* **Work to complete**
Return the records in full, with every character preserved.

────────────────────

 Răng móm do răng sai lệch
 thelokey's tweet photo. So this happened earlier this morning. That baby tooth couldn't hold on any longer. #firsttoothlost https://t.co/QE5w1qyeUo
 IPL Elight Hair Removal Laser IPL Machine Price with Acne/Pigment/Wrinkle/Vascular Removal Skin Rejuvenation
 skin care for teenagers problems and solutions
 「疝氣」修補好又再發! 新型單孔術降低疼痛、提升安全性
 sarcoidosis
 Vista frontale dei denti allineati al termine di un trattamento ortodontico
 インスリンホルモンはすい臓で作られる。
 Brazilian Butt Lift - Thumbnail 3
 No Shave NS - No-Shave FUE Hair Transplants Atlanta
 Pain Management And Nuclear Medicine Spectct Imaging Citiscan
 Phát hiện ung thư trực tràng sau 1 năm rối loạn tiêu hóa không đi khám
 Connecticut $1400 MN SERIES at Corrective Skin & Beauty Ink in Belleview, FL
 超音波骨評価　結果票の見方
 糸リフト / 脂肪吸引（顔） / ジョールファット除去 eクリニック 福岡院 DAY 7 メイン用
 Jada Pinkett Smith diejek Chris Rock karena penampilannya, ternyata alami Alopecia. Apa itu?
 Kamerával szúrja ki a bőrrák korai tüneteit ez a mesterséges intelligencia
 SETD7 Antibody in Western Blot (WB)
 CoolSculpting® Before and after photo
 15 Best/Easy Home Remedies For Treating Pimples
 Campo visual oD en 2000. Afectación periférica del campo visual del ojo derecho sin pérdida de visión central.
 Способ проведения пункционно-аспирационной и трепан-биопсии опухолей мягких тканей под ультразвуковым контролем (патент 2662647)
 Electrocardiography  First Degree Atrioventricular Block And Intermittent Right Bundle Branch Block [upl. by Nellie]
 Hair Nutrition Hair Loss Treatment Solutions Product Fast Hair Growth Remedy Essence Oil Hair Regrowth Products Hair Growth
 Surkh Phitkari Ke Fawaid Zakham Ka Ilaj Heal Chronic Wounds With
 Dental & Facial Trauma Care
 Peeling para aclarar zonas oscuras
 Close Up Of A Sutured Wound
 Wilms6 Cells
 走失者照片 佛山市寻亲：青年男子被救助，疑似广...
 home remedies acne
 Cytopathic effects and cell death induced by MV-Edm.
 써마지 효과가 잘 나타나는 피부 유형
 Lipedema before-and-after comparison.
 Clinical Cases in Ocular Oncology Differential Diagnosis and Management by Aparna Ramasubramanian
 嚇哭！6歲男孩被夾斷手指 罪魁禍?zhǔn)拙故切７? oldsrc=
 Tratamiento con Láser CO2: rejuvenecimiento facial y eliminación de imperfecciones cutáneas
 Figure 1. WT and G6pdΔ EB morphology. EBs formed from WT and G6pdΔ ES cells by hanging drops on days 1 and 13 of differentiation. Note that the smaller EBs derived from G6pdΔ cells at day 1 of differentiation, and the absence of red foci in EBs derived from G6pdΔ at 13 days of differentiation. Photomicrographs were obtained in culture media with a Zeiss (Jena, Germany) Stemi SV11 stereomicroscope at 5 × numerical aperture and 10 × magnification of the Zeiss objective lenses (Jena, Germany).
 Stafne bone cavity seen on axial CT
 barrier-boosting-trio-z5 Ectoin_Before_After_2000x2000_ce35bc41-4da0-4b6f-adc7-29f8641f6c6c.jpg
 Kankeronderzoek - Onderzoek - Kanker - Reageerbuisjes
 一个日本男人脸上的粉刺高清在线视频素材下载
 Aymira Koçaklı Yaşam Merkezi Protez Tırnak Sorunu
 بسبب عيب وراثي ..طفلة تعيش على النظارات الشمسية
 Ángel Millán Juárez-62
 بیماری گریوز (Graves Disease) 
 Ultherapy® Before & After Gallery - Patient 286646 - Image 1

────────────────────

* **Reply**
 Răng móm do răng sai lệch
 thelokey's tweet photo. So this happened earlier this morning. That baby tooth couldn't hold on any longer. #firsttoothlost https://t.co/QE5w1qyeUo
 IPL Elight Hair Removal Laser IPL Machine Price with Acne/Pigment/Wrinkle/Vascular Removal Skin Rejuvenation
 skin care for teenagers problems and solutions
 「疝氣」修補好又再發! 新型單孔術降低疼痛、提升安全性
 sarcoidosis
 Vista frontale dei denti allineati al termine di un trattamento ortodontico
 インスリンホルモンはすい臓で作られる。
 Brazilian Butt Lift - Thumbnail 3
 No Shave NS - No-Shave FUE Hair Transplants Atlanta
 Pain Management And Nuclear Medicine Spectct Imaging Citiscan
 Phát hiện ung thư trực tràng sau 1 năm rối loạn tiêu hóa không đi khám
 Connecticut $1400 MN SERIES at Corrective Skin & Beauty Ink in Belleview, FL
 超音波骨評価　結果票の見方
 糸リフト / 脂肪吸引（顔） / ジョールファット除去 eクリニック 福岡院 DAY 7 メイン用
 Jada Pinkett Smith diejek Chris Rock karena penampilannya, ternyata alami Alopecia. Apa itu?
 Kamerával szúrja ki a bőrrák korai tüneteit ez a mesterséges intelligencia
 SETD7 Antibody in Western Blot (WB)
 CoolSculpting® Before and after photo
 15 Best/Easy Home Remedies For Treating Pimples
 Campo visual oD en 2000. Afectación periférica del campo visual del ojo derecho sin pérdida de visión central.
 Способ проведения пункционно-аспирационной и трепан-биопсии опухолей мягких тканей под ультразвуковым контролем (патент 2662647)
 Electrocardiography  First Degree Atrioventricular Block And Intermittent Right Bundle Branch Block [upl. by Nellie]
 Hair Nutrition Hair Loss Treatment Solutions Product Fast Hair Growth Remedy Essence Oil Hair Regrowth Products Hair Growth
 Surkh Phitkari Ke Fawaid Zakham Ka Ilaj Heal Chronic Wounds With
 Dental & Facial Trauma Care
 Peeling para aclarar zonas oscuras
 Close Up Of A Sutured Wound
 Wilms6 Cells
 走失者照片 佛山市寻亲：青年男子被救助，疑似广...
 home remedies acne
 Cytopathic effects and cell death induced by MV-Edm.
 써마지 효과가 잘 나타나는 피부 유형
 Lipedema before-and-after comparison.
 Clinical Cases in Ocular Oncology Differential Diagnosis and Management by Aparna Ramasubramanian
 嚇哭！6歲男孩被夾斷手指 罪魁禍?zhǔn)拙故切７? oldsrc=
 Tratamiento con Láser CO2: rejuvenecimiento facial y eliminación de imperfecciones cutáneas
 Figure 1. WT and G6pdΔ EB morphology. EBs formed from WT and G6pdΔ ES cells by hanging drops on days 1 and 13 of differentiation. Note that the smaller EBs derived from G6pdΔ cells at day 1 of differentiation, and the absence of red foci in EBs derived from G6pdΔ at 13 days of differentiation. Photomicrographs were obtained in culture media with a Zeiss (Jena, Germany) Stemi SV11 stereomicroscope at 5 × numerical aperture and 10 × magnification of the Zeiss objective lenses (Jena, Germany).
 Stafne bone cavity seen on axial CT
 barrier-boosting-trio-z5 Ectoin_Before_After_2000x2000_ce35bc41-4da0-4b6f-adc7-29f8641f6c6c.jpg
 Kankeronderzoek - Onderzoek - Kanker - Reageerbuisjes
 一个日本男人脸上的粉刺高清在线视频素材下载
 Aymira Koçaklı Yaşam Merkezi Protez Tırnak Sorunu
 بسبب عيب وراثي ..طفلة تعيش على النظارات الشمسية
 Ángel Millán Juárez-62
 بیماری گریوز (Graves Disease) 
 Ultherapy® Before & After Gallery - Patient 286646 - Image 1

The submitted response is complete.